The following relates to smallpox variolation, which is technically the forerunner to vaccination, but in essence it is the beginning of vaccination; vaccination in all but name (and both practices can be referred to as “inoculation”). Thus, the arguments here against variolation also apply to vaccination.
Joseph Greenhill (1704 – 1788) lived in England and was a Rector for the Church of England. He opposed the evils of smallpox variolation, or inoculation, and in 1756 published a sermon titled “Inoculation a presumptuous practice destructive to man”.
In this sermon, Greenhill calls inoculation “an evil, an impious, and a presumptuous practice” (p. 22) that is “unworthy of a Christian” ( p. 18).
Greenhill blames certain ministers for the popularizing of inoculation — even more so than physicians. This is very important, because ministers have a very significant moral influence on society. They can make the difference between life and death by vaccination — and whether vaccination has a stronghold over a people.
And so, Greenhill says:
Yet the advance, that inoculation made here, was but slow, under the aid lent thereto, by the advice of physicians, as there were plain marks of the daring impiety, that there was in such a practice, till it came recommended from another quarter; from some of those who profess themselves ministers of the Gospel … (p. 24)
[W]hich practice of inoculation hath now got such strength, that it needs many and the strongest antidotes against it; since, as it hath the above-mentioned circumstance attending it, that of being recommended by some of the clergy; for none can so effectually put darkness for light, and light for darkness, and bitter for sweet, and sweet for bitter, as those Ministers, who have lost sight of the truth and simplicity of the Gospel. (pp. 28, 29)
More points from Rector Greenhill:
On the words of Christ versus inoculation:
[H]ow much more should these Words of our Lord, “they that be whole need not a Physician, but they that are sick” [Matthew 9:12b] have preserved all that profess themselves Christians, from ever running into a needless and presumptuous use of the physician, in contradiction to so plain and obvious a Truth, so clearly bounding the appointed use of the art and skill of the physician: yet so little regard hath been paid to these and other words of our Saviour’s … through that gross decay of Christianity that hath lately prevailed here, that a multitude have sinned by running into the practice of being inoculated … and this only, because fair shews, appearances and pretences, have been urged for this practice, so very inconsistent with the revealed will of God. (p. 2)

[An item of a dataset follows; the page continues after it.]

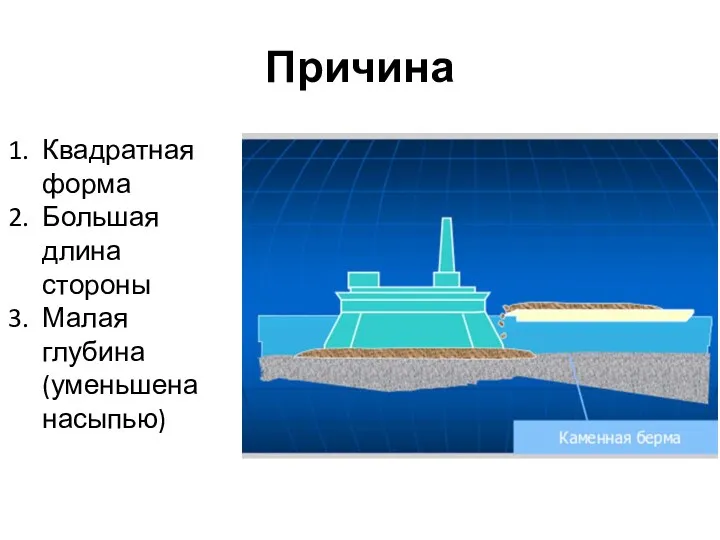 Причина Квадратная форма Большая длина стороны Малая глубина (уменьшена насыпью)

On the practice of inoculation being symptomatic of a corrupted people:
The practice of inoculation is, in all respects, respecting either children, or those grown up, bad and destructive to man; and, unless a people had been long corrupted in their ways, they could not have run into this practice, as they have lately done. (p. 9)
On the pretence of inoculation being safer than natural infection:
Inoculators make indeed a fine pretence of their way, pretending not only, that they do no harm to the constitution of the human body thereby; but that they give the small pox, by infusing the injection thereof immediately with the blood, in a far safer and better manner, than it is got by drawing it in with the breath, as they say it is got in the natural way. (p. 11)
Joseph Greenhill, A sermon. Inoculation a presumptuous practice destructive to man (London : S. Crowder & H. Woodgate, 1756).